The problem with making the big bucks is that both you and your employer know that there are plenty of folks out there who will do the work for less. The International Longshore and Warehouse Union Local 63 Office Clerical Unit leaders returned to the bargaining table this weekend in an effort to protect their turf and make sure that the 14 terminal operators and ocean carrier agencies that employ their members don't send their work elsewhere.
The OCU's three-year labor contract expired at midnight Wednesday. There was a rushed exchange of proposals from the union and employers as midnight approached. The OCU emailed its proposal to employers at about 8:30 p.m. The employers shot back their counter proposal just before the deadline, but it was not accepted.
On Thursday morning, the union workers threw up picket lines at terminals in the Port of Los Angeles and Port of Long Beach.
The lines temporarily closed down the terminals, but an arbitrator - whose job it is to settle waterfront disputes between the dockworkers and the Pacific Maritime Association - ruled that it wasn't a bonafide picket line because the OCU leaders had not bargained in good faith since they didn't give management enough time to consider the union's proposal before deciding to strike.
Although many of the companies that employ the clerical workers are the same ones that employ the dock workers, the two groups are covered under different contracts. The dockworkers' contract is administered by the PMA; the clerical workers contract is administered by the Los Angeles-Long Beach Harbor Employers Association.
The job actions capped a busy week in the relationship between the OCU and the companies that employ its members. The union members approved a strike authorization vote with the results announced on Tuesday.
In dueling press releases sent out as the deadline neared, the union accused the companies - all located in or around the Port of Los Angeles and Port of Long Beach - of attacking the clerical workers' job security and using technology to outsource the work to foreign lands.
In their release, the companies accuse the union of setting a course for "disruption, not resolution" and refusing to negotiate a "fair and reasonable" contract at a time when the economy is in a fragile recovery from a historic 18-month decline.
One thing everybody agrees on is that the OCU members are among the highest paid clerical workers in the U.S. According to the companies, the average OCU clerical worker earned $96,900 in 2009. Company negotiators say they have offered the union a pay hike, a 10 percent increase in pension benefits, and a company-paid health plan.

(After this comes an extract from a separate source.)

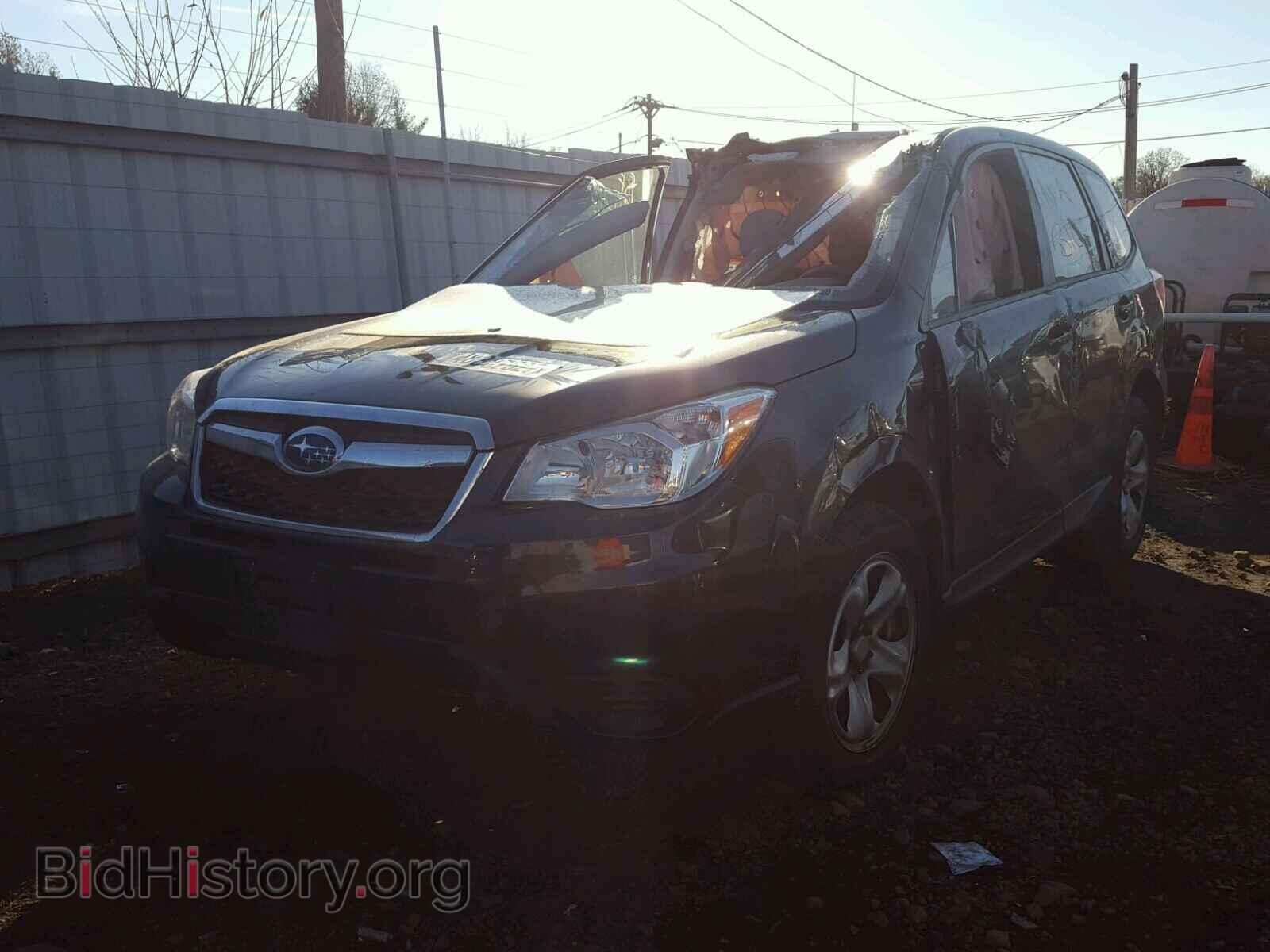 2016 SUBARU FORESTER - VIN: JF2SJAAC1GH443257 - Фото 2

Management accuses the union of seeking "featherbedding" provisions that would force the companies to hire temporary and replacement workers even when there is no work available and a roll-back of provisions in earlier contracts that allow the company to use "technology demanded by the employers' customers."
The union says it did allow a reduction in headcount during the dark days of the recession, but now business is back and management is seeking contract language that would erode job security.

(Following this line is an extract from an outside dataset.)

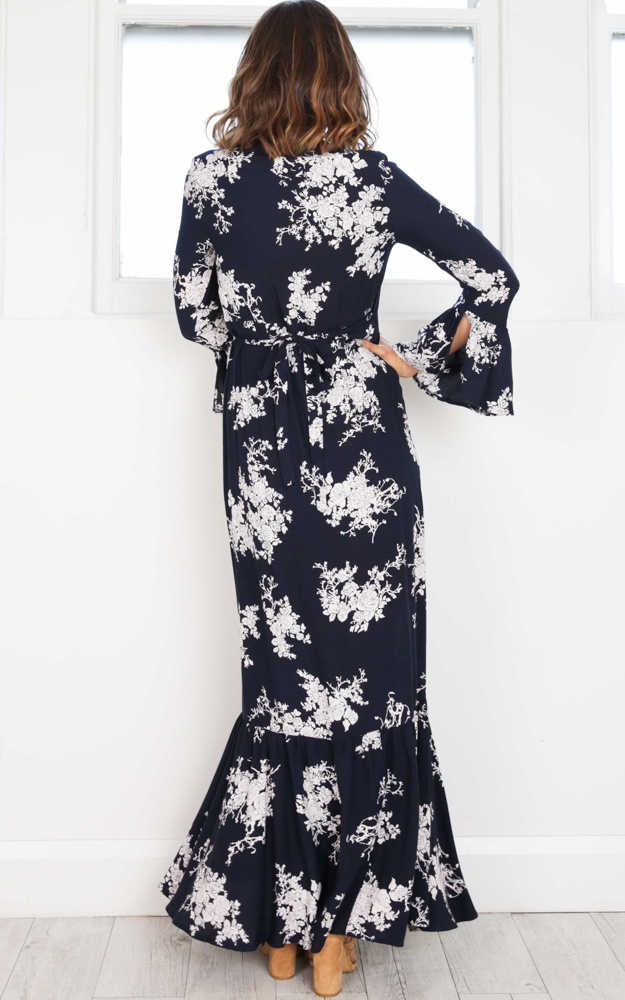 lyrical moonlight lace maxi dress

Despite the power plays and tough talk from both sides, nobody wants any lengthy disruption at this time. The dockworkers are finally back on the job full time and making the kind of money they made pre-recession. The companies don't want a shutdown when they are just beginning to climb back out of the fiscal black hole. And the clerical workers want to make sure their jobs, and their big paychecks, don't go somewhere else.
In other words, there probably is not going to be major labor problem on the docks. But probably is not for sure.